The compact disc marked the first salvo in the digital music revolution. Smaller, thinner, more portable and cleaner-sounding than LPs, the CD became the dominant music format within a decade of its release and for better or worse, extended average album lengths from 40 to more than 60 minutes. Obvious advantages prompted many to dump their LP collections and replace them with CDs, a move that traded warmer sound and detail-oriented artwork for smoothness, ease-of-use, unprecedented track access and instantaneous navigation.

MINIDISC: November 1992

Though a commercial failure, the MiniDisc gave the public its first taste of ultraconvenient recordable, digital, portable media. Sporting better sound than the cassette (which it was designed to replace), Mini-Discs didn’t skip, offered speedy track-to-track access and tables of contents. A dearth of available prerecorded software prevented it from catching on, though the MiniDisc continues to have many followers who love its text and audio storage capabilities.

CD-R: 1994

An offshoot of the CD, CD-Recordable pioneered how audio, images and data were stored, as well as the ease with which they were recorded.
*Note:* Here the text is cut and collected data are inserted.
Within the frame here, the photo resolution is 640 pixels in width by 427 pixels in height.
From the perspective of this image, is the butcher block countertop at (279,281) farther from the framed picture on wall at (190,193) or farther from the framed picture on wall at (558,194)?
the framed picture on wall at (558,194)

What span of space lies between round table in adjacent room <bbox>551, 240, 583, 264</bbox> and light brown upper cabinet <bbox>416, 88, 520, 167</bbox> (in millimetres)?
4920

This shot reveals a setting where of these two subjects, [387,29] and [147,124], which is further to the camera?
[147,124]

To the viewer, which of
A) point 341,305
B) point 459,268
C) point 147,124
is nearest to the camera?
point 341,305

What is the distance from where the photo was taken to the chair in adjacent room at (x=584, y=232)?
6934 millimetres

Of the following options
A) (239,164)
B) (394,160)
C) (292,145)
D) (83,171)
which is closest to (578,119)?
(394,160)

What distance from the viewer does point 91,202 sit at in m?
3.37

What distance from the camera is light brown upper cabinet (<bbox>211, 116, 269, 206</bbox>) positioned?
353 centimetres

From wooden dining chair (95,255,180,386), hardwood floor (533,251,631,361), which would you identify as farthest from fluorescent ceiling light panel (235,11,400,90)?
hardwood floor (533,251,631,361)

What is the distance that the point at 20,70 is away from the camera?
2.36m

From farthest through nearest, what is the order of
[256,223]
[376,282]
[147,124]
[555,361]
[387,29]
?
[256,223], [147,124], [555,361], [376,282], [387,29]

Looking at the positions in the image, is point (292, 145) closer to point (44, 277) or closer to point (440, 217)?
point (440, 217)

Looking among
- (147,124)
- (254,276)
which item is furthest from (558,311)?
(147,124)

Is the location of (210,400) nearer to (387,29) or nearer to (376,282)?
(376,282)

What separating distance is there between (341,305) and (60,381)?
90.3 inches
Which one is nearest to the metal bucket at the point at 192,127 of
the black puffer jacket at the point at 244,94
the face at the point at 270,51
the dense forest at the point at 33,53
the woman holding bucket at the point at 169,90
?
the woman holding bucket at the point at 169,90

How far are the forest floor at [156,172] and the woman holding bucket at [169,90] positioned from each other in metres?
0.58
Helping signal the death knell of the cassette, CD-R drastically cut recording times and introduced the practices of “burning” and “ripping.” Within a few years of its introduction, CD-R prices fell, and the format really took off. That the top surfaces of CD-Rs can be written on with markers sealed their status as the modern mix tape and ideal physical medium to which music down-loads can be transferred.

DVD: November 1996

Setting a new standard in how and what we watch, DVD altered visual and sonic experiences with interactive menus, bonus footage, multiangle options, superior picture quality and surround-sound magic. Whereas Laserdisc hinted at a brighter future, DVD followed through thanks to its irresistible extras and affordable price point — not to mention advancement by the pornography industry and coddling from Hollywood, which nearly immediately began releasing first-run films for sale on DVD just months after they hit the big screen. The fastest consumer-electronics format to significant market penetration, the DVD is responsible for the boom in serial television nostalgia, as studios crank out season after season of current and former network shows. The format is also cited as a prime suspect behind the movie-ticket sales downslide.
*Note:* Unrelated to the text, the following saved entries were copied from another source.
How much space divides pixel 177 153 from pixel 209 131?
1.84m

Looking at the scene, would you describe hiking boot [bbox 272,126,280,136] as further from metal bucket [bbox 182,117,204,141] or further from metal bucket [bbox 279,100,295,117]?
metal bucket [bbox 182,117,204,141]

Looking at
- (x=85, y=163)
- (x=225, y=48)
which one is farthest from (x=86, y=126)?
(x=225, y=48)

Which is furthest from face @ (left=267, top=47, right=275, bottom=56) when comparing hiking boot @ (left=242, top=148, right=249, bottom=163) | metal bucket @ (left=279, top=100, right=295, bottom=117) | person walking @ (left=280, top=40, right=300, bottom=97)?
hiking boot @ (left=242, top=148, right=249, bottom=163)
MP3 AUDIO FLASH PLAYERS: 1998

Offering unprecedented convenience, flexibility, shirt-pocket slimness and an absence of moving parts, MP3 audio and flash-media players ushered in a modern era when talk of music turned from minutes to gigabytes. Diamond Rio’s PMP300, the second portable MP3 player, signified the impending battle between record industry and downloaders after the Recording Industry As-sociation of America sued (unsuccessfully) to prevent its sale. These technology-bridging devices also demonstrated the premium that would be placed not on fidelity but storage capacity.

IPOD: November 2001

The most groundbreaking media device introduced since the advent of CD, the internal hard-drive-based iPod did away with physical media, seized upon virtual-reality presentation, took portability to a new extreme, tapped into an unparalleled cool factor, allowed for the storage of record collections and boasted hours of continuous playback on a single, lightweight, wireless hand-held device. It simultaneously upped the ante in accessibility, organization, support and immediacy. Early-generation mechanical problems such as balky buttons, screens that cracked and clunky thumb-wheels have been solved. Calendars, photo books and to-do-lists are among the amenities on the newest iPod iterations.